[Extracted material]
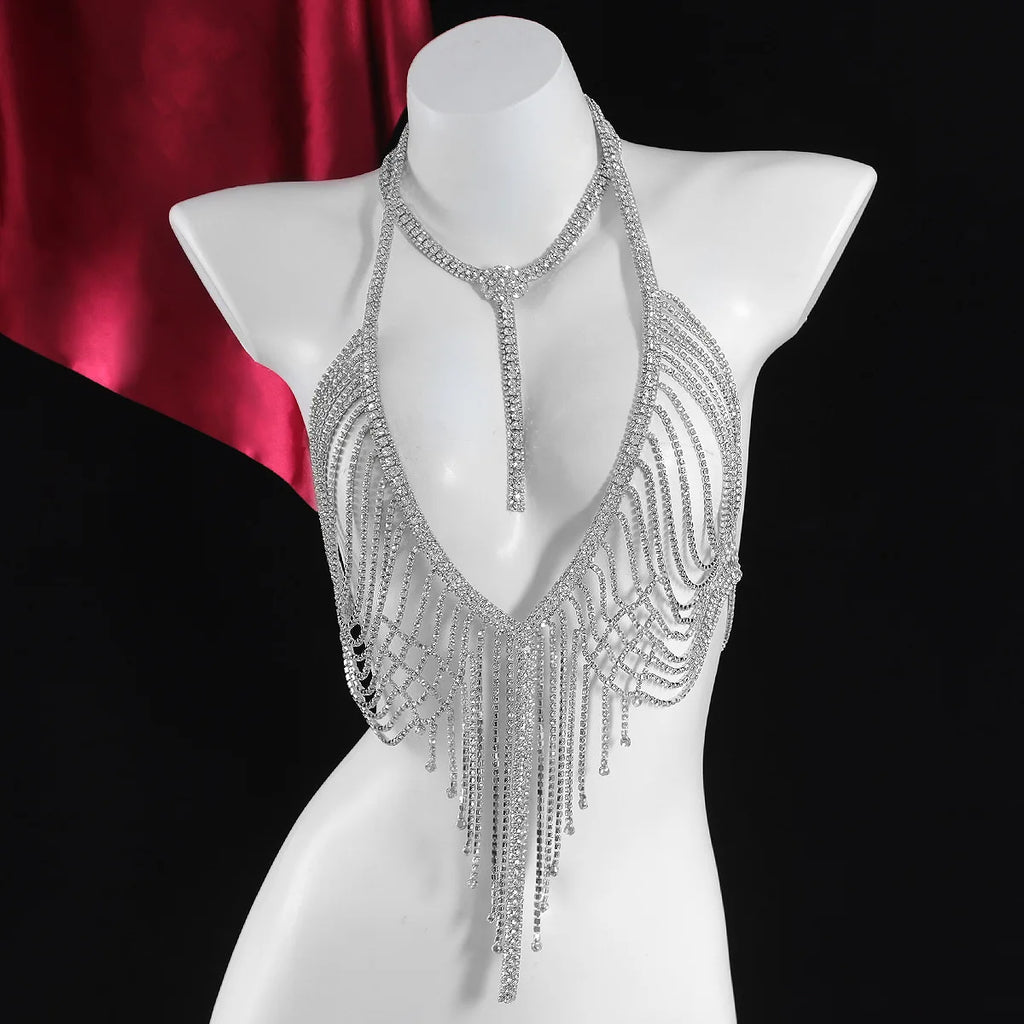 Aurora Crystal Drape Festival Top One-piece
--
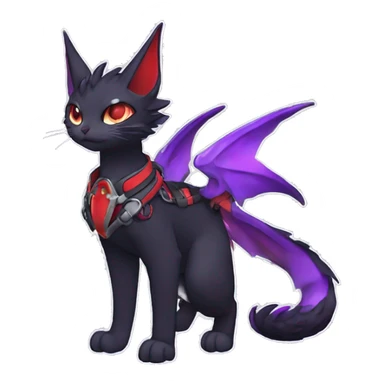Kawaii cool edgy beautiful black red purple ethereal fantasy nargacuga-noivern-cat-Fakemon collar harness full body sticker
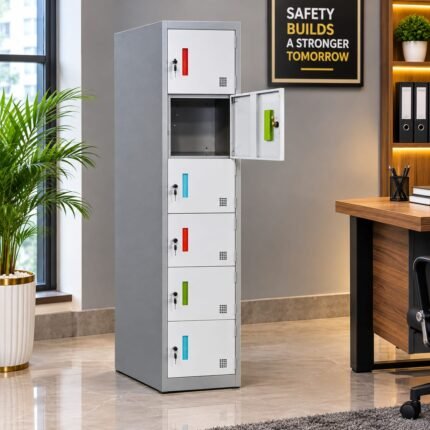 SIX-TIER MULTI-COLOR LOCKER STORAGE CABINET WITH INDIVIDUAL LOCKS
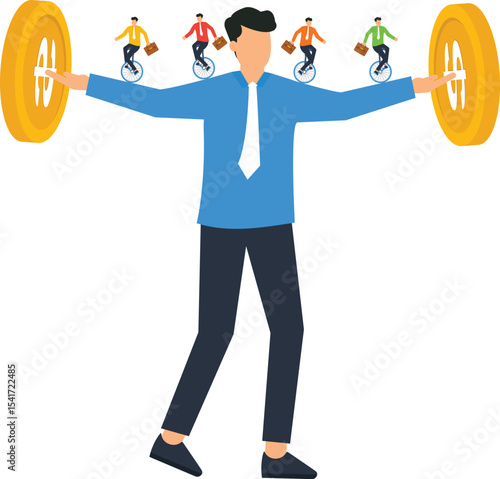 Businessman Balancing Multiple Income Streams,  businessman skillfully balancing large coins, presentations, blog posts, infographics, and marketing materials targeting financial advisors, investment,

[Work item] Given the listing above, repeat exactly the lines starting at the one with "SIX-TIER MULTI-COLOR LOCKER" and ending at the one with "Businessman Balancing Multiple", inclusive, excluding pictures.

[Written answer]
 SIX-TIER MULTI-COLOR LOCKER STORAGE CABINET WITH INDIVIDUAL LOCKS
 Businessman Balancing Multiple Income Streams,  businessman skillfully balancing large coins, presentations, blog posts, infographics, and marketing materials targeting financial advisors, investment,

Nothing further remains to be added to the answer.